SEC Changes to the SP Regulation

On May 16, 2024, the Securities and Exchange Commission adopted amendments to Regulation SP, a regulation that regulates the processing of consumers’ nonpublic personal information by certain financial institutions. The changes apply to broker-dealers, investment firms and registered investment advisers (collectively, “covered institutions”) and are intended to modernize and enhance protections for consumers’ financial information. Regulation SP continues to require covered institutions to implement written policies and procedures to protect customer records and information (the “Security Rule”), to properly dispose of consumer information to protect against unauthorized uses (the “Deletation Rule”), and to implement a privacy policy policy notice with an opt-out option. Registered investment advisers with assets under management of more than $1.5 billion will have until November 16, 2025 (18 months), and entities with less will have until May 16, 2026 (24 months).

Incident response program

Covered institutions will be required to implement an Incident Response Program (the “Program”) in their written policies and procedures if they have not already done so. The program must be designed to detect, respond to, and recover customer information from unauthorized third parties. The nature and scope of the incident should be documented and further steps taken to prevent further unauthorized use. Covered institutions will also be responsible for adopting procedures to oversee third-party service providers that receive, store, process, or access their customer data. The Safeguards Rule and Deletion Rule require that nonpublic personal information received from a third party about its customers be treated the same as if it were your own customer.
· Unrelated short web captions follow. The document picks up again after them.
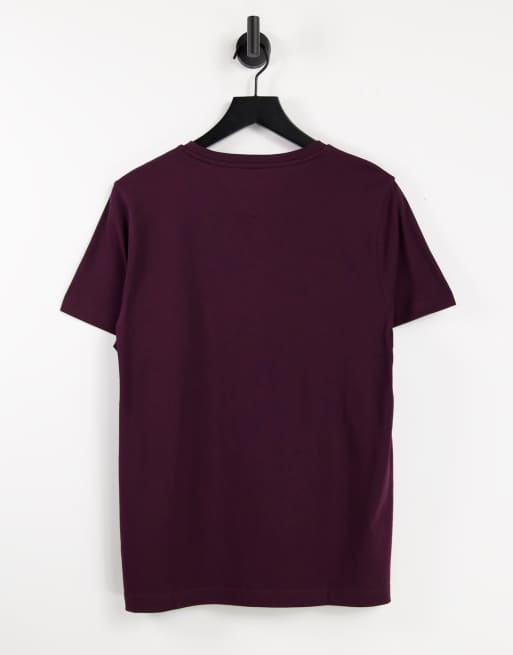 Camiseta burdeos con logo clásico de Tommy Hilfiger, 2 de 4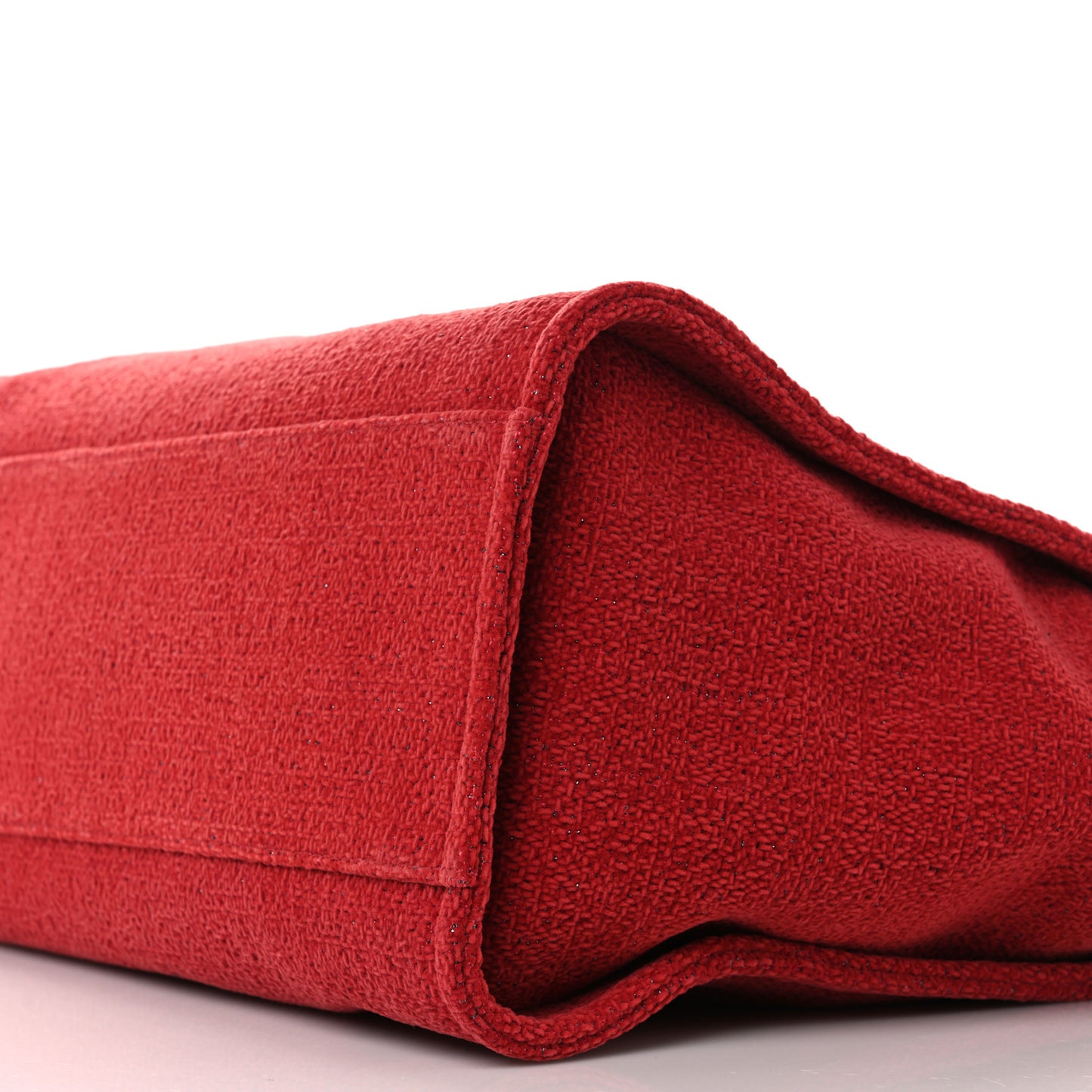 Lurex Boucle Medium Deauville Tote Red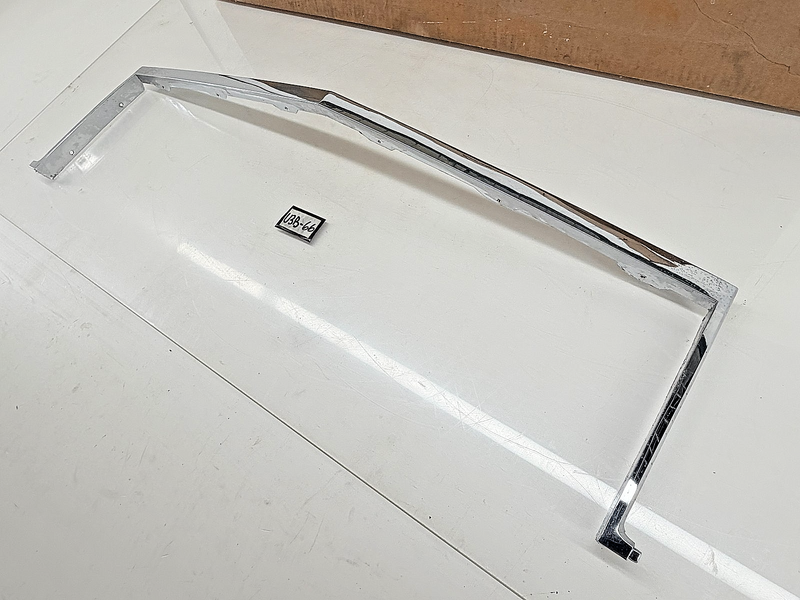 NOS 1984 - 1987 1988 1989 Buick LeSabre Wagon Front GRILLE Moulding GM 25512078
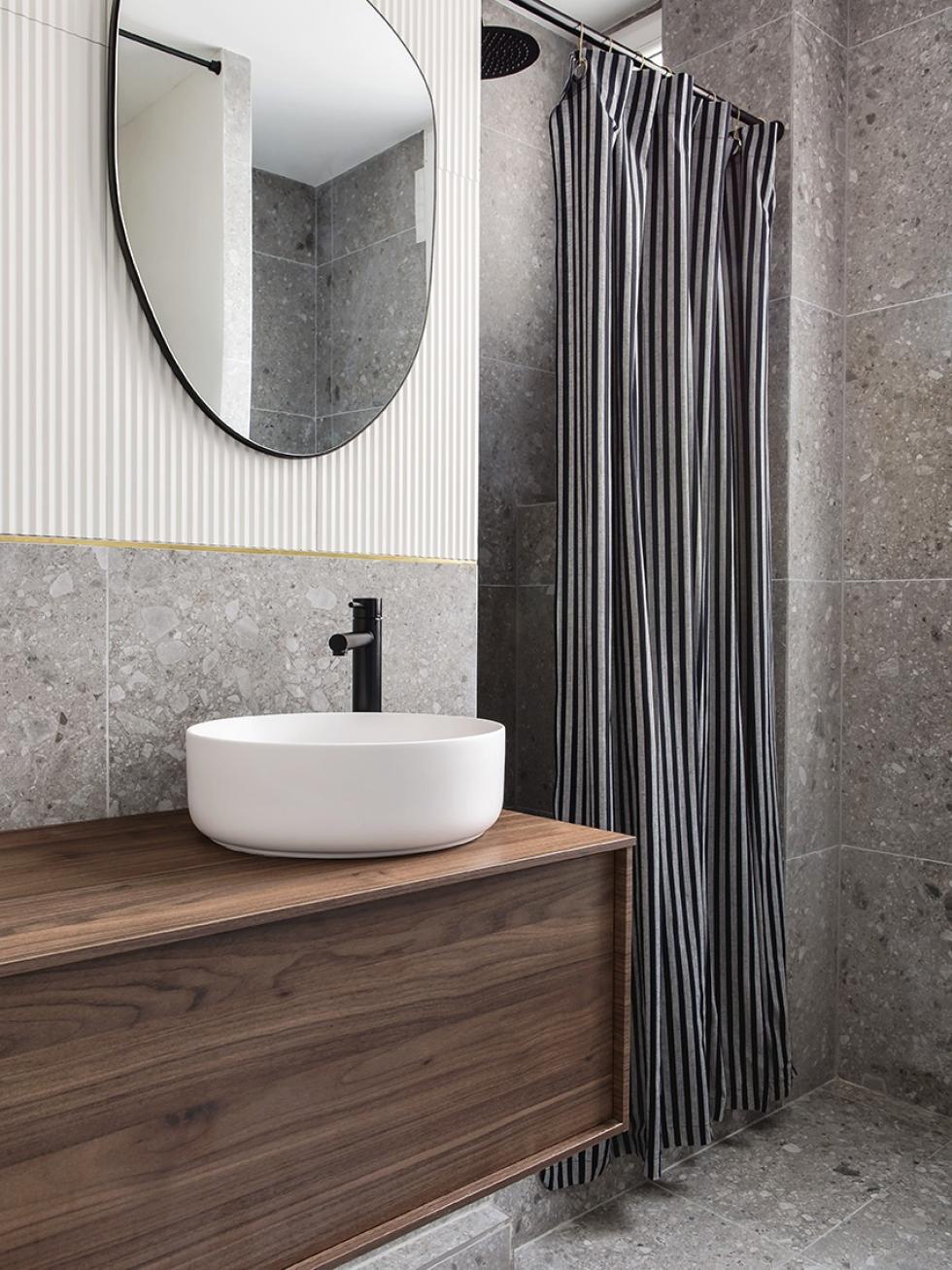 découvrez nos conseils pour bien choisir un artisan qualifié pour la rénovation ou l'installation de votre salle de bain. trouvez un professionnel de confiance pour un résultat à la hauteur de vos attentes.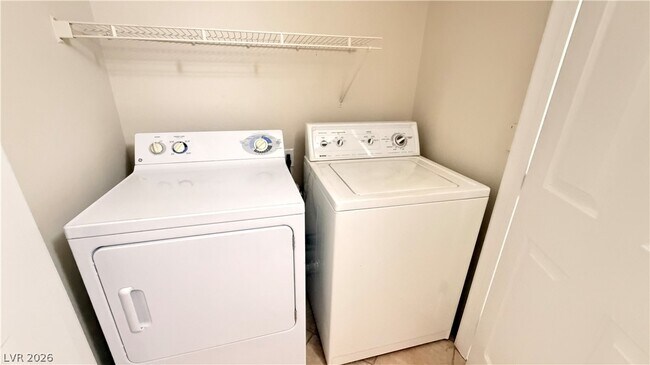 Building Photo - 75 N Valle Verde Dr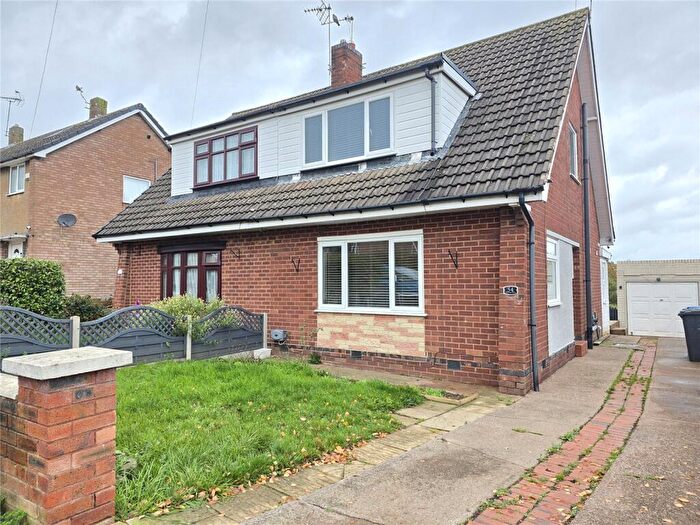 3 Bedroom Semi Detached House For Sale In Orchard Close, Dosthill, Tamworth, Staffordshire, B77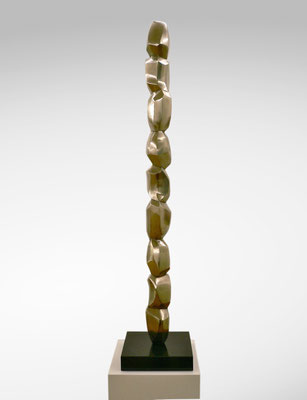 Bolas IV - 2012 - Bronze - 97 (h) x 8 (b) x 9 (t) cm 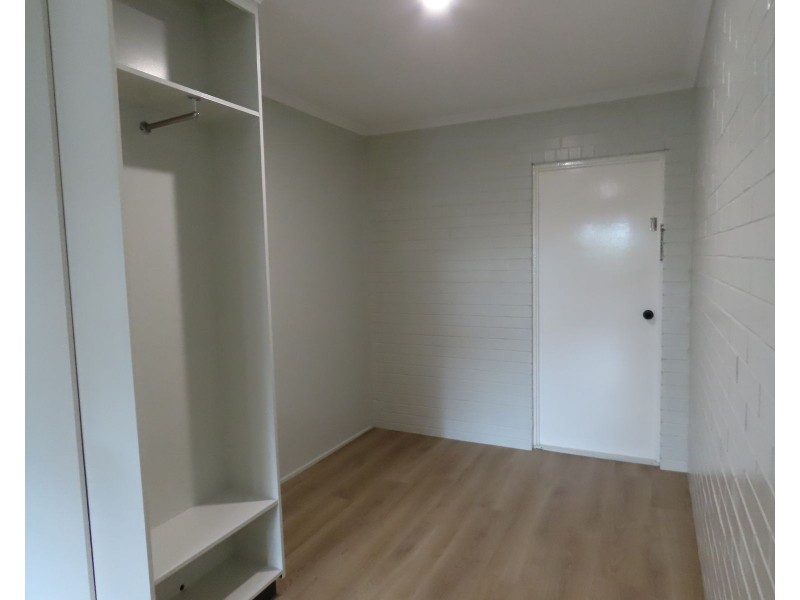 4/4 Symons Avenue, Bucasia QLD 4750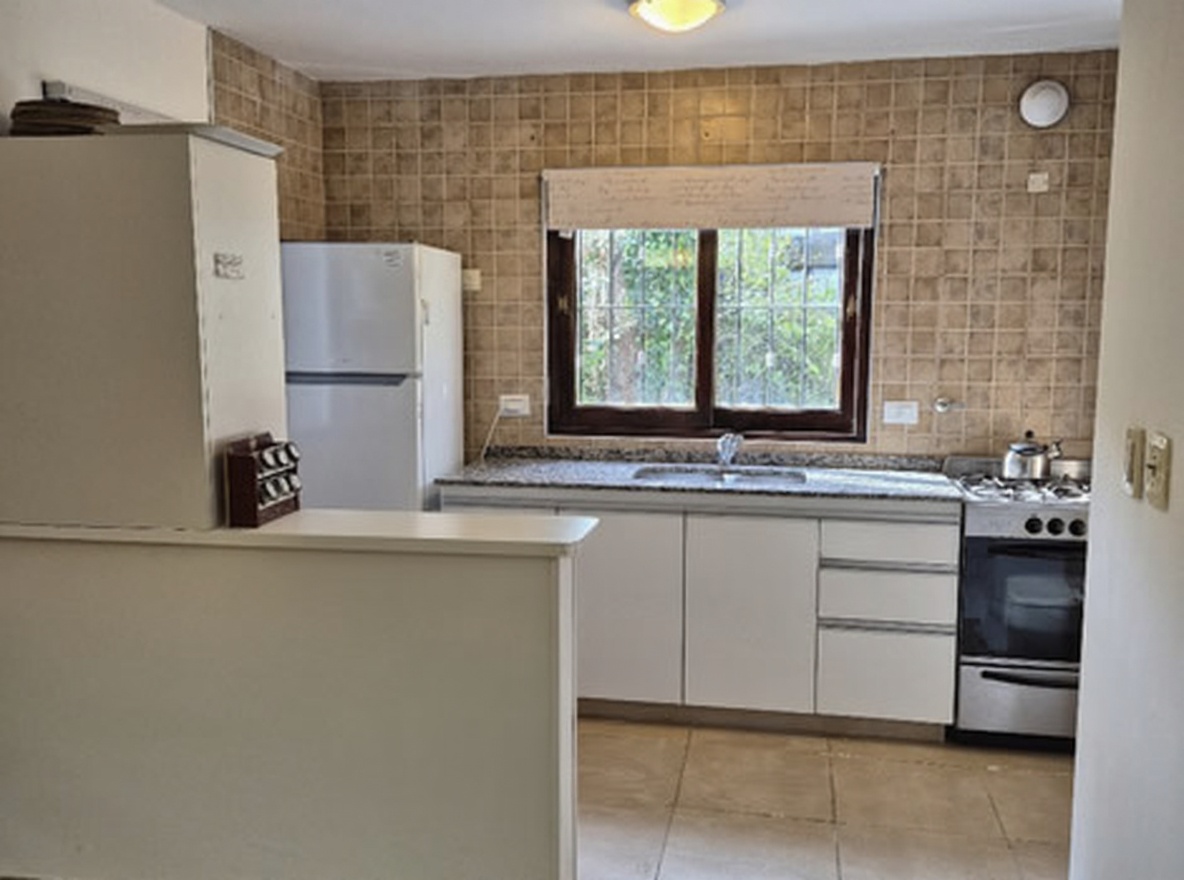 Casa con parque y parrilla en Costa del Este miniatura 4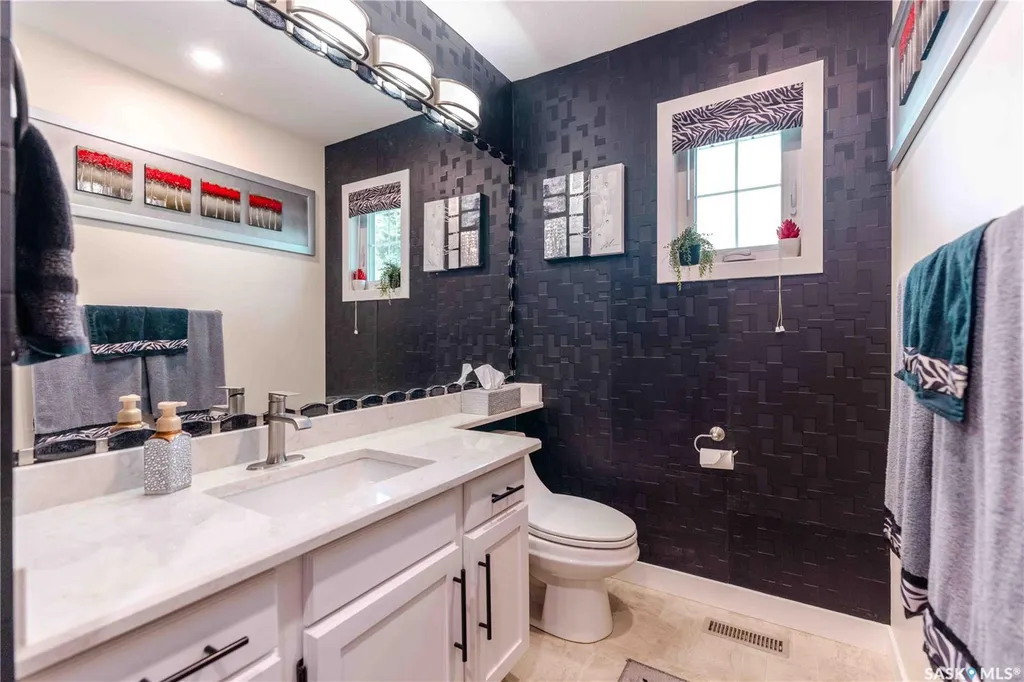 206 Braemar Bay Saskatoon SK S7V 1A2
Customer notification requirement

The changes require covered institutions to notify affected individuals whose sensitive customer information has been or is likely to have been accessed or used without authorization. The amendments require a covered institution to notify as soon as practicable, but no later than 30 days after becoming aware, that unauthorized access to or use of customer information has occurred or is reasonably likely to occur. Notifications must include details about the incident, the data that was breached, and how affected individuals can respond to the breach to protect themselves. A covered institution is not required to provide notice if it determines that sensitive customer information has not been, and is not likely to be, used in a way that would cause significant harm or inconvenience. To the extent a covered institution will have a notification obligation under both the final amendments and a similar state law, the covered institution may be able to provide a single notice to satisfy the notification obligations under both the final amendments and state law, provided , that the notice includes all information required under both the final changes and state law, which may reduce the number of notices an individual receives.

Record keeping

Covered institutions will have to keep and keep the following data in their books and registers:

  • Written policies and procedures to be adopted and implemented in accordance with the Security Policy, including an incident response program;
  • Written documentation of any unauthorized access to or use of customer information detected, and any response and recovery from such unauthorized access to or use of customer information required by the incident response program;
  • Written documentation of any investigations and determinations made regarding the need to notify customers, including the basis for any determinations made and any written documentation from the United States Attorney General related to the delay in notification, and a copy of any notices sent after such determination;
  • Written policies and procedures required for oversight of the service provider;
  • Written documentation of any contracts entered into in accordance with the service provider’s supervision requirements; AND
  • Written policies and procedures to be adopted and implemented as part of the takedown policy.

Registered investment advisers will be required to keep this documentation for five years, the first two years in an easily accessible place.